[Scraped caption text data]
============================================================

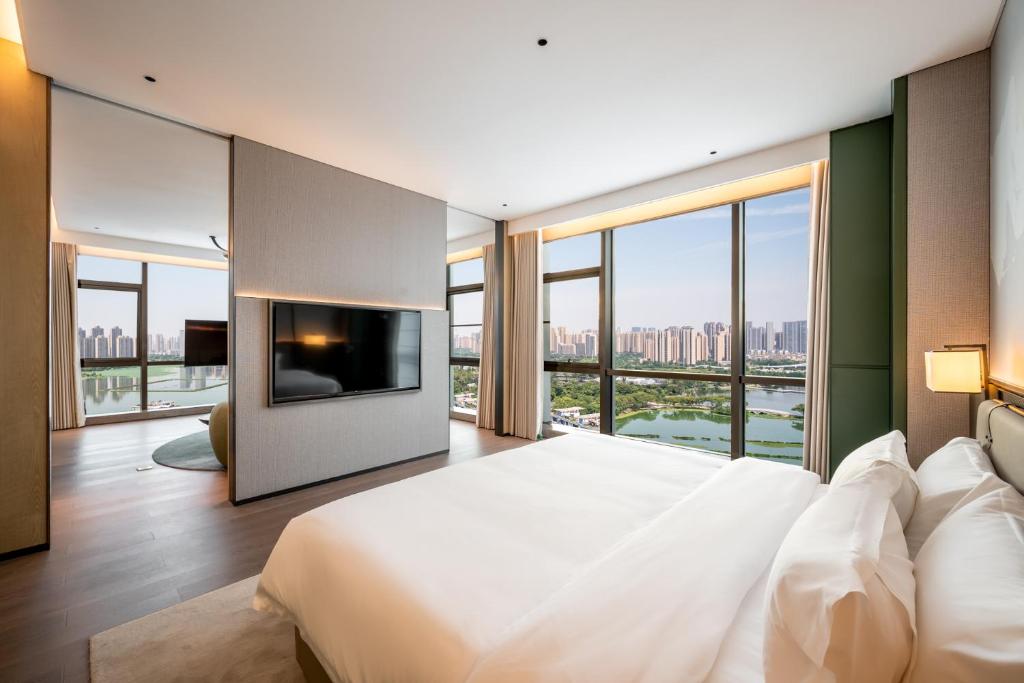a bedroom with a large bed with a tv and windows at Qinglian Jinghe Hotel Wuhan Zoo International Expo Center Branch in Han-yang-hsien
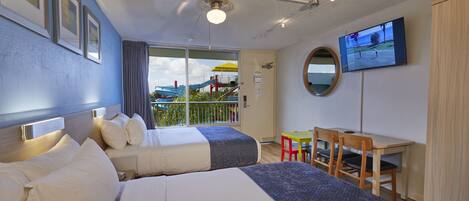 A hotel room with two beds, a desk, a chair, a TV, and a balcony with a view.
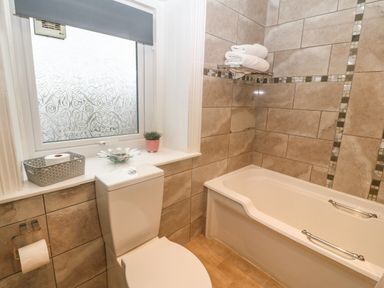 A bathroom with a toilet a bathtub with towels on a rack and a window with a blind at Muriau Park in Caernarfon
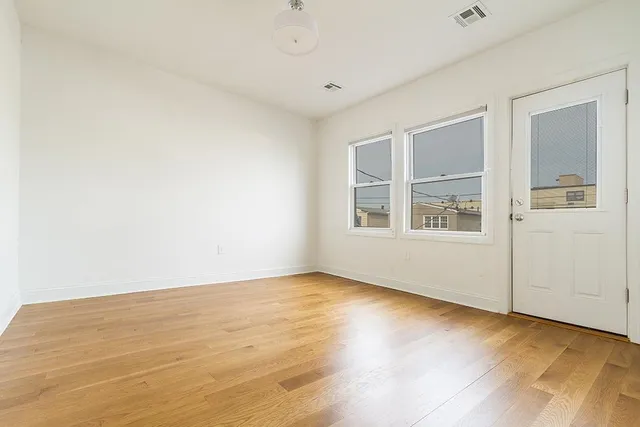 a view of an empty room with window and wooden floor
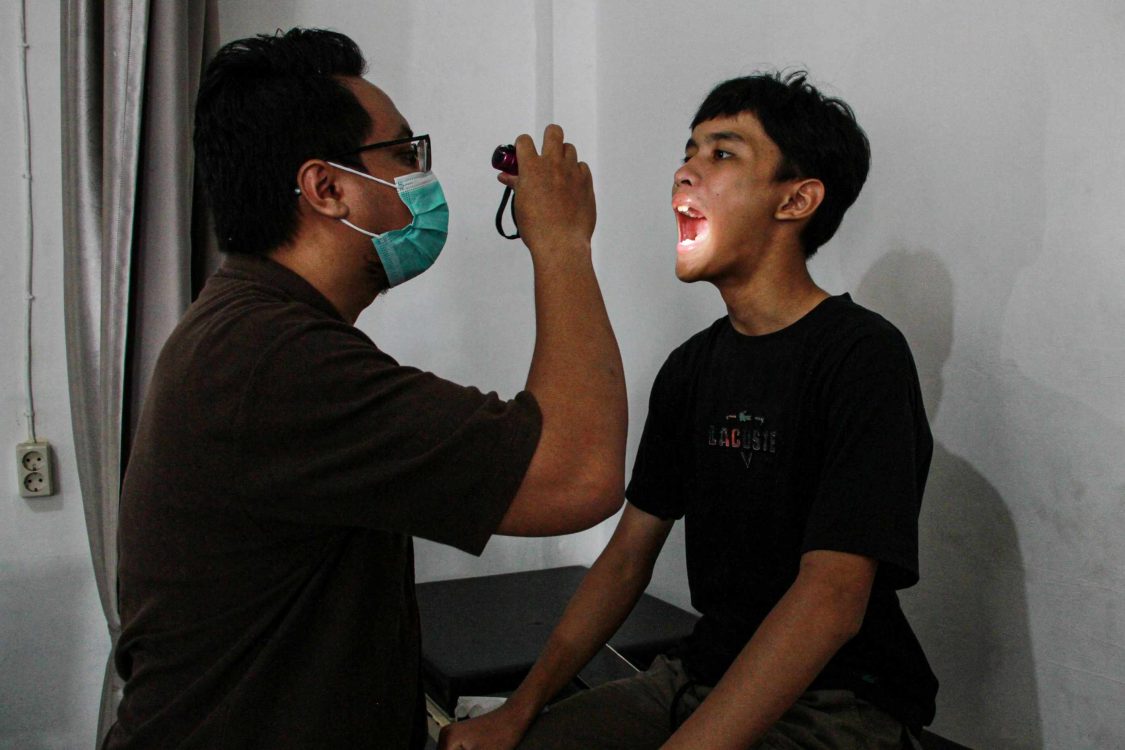 : Dokter memeriksa peradangan tenggorokan pasien bergejala Infeksi Saluran Pernapasan Akut (ISPA) di Puskesmas Bukit Hindu, Palangka Raya, Kalimantan Tengah, Jumat (21/8/2026). Dinas Kesehatan Kota Palangka Raya menyiapkan layanan ruang oksigen di 11 Puskesmas di Palangka Raya untuk warga yang mengalami gejala Infeksi Saluran Pernapasan Akut (ISPA) akibat kabut asap kebakaran hutan dan lahan, dimana kasus ISPA di Palangka Raya mengalami peningkatan dari 1.849 pada Juni 2026 menjadi 2.293 pada Juli 2026, dan data sementara 20 Agustus 2026 sebanyak 1.899 kasus. (ANTARA FOTO/Auliya Rahman/YU)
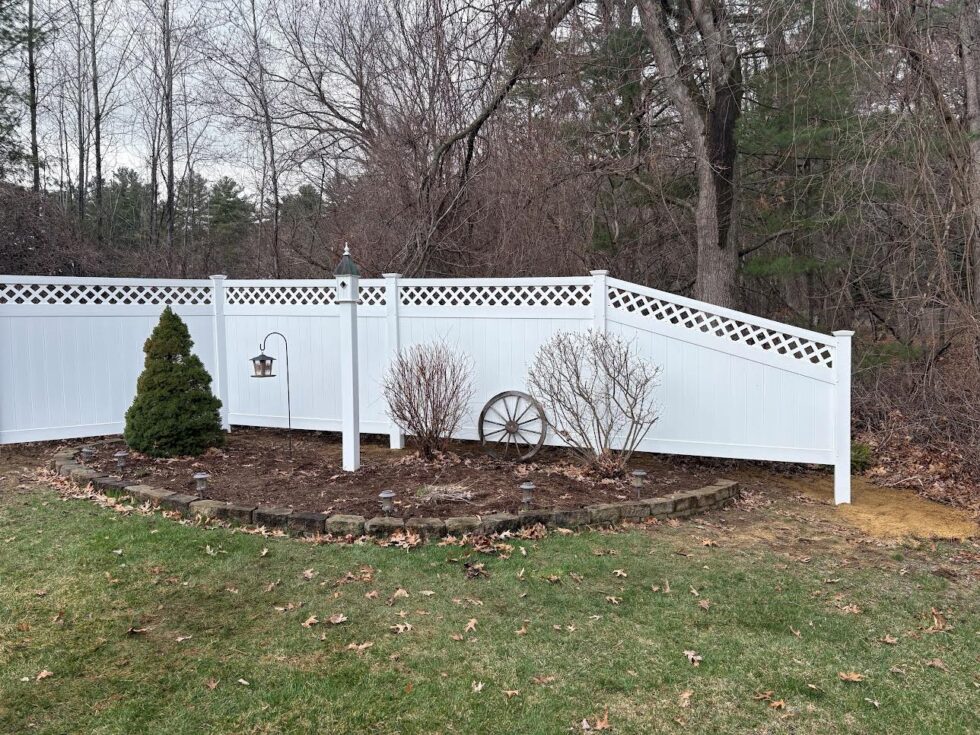 This project features durable 6-foot white vinyl privacy panels accented with a diagonal lattice top for added style and airflow.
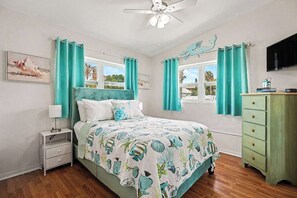 Ein Schlafzimmer mit einem Bett, einem Nachttisch, einer Kommode und einem Deckenventilator.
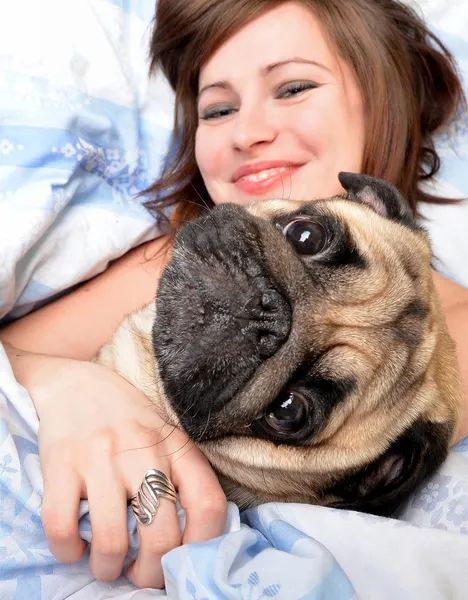 Mujer con perro en la cama — Foto de Stock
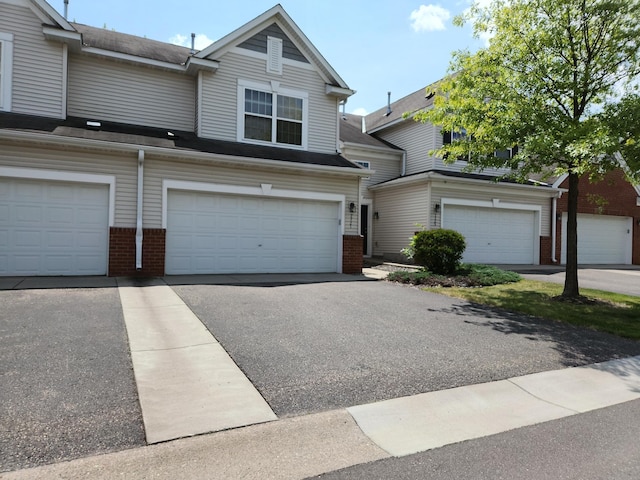 7721 Elm Grove Ave, New Hope, MN 55428 - view of front facade with brick siding, a garage, and asphalt driveway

============================================================

Starting at the line that contains "This project features", return every line through the end of the records above exactly as written, and return no pictures.

 This project features durable 6-foot white vinyl privacy panels accented with a diagonal lattice top for added style and airflow.
 Ein Schlafzimmer mit einem Bett, einem Nachttisch, einer Kommode und einem Deckenventilator.
 Mujer con perro en la cama — Foto de Stock
 7721 Elm Grove Ave, New Hope, MN 55428 - view of front facade with brick siding, a garage, and asphalt driveway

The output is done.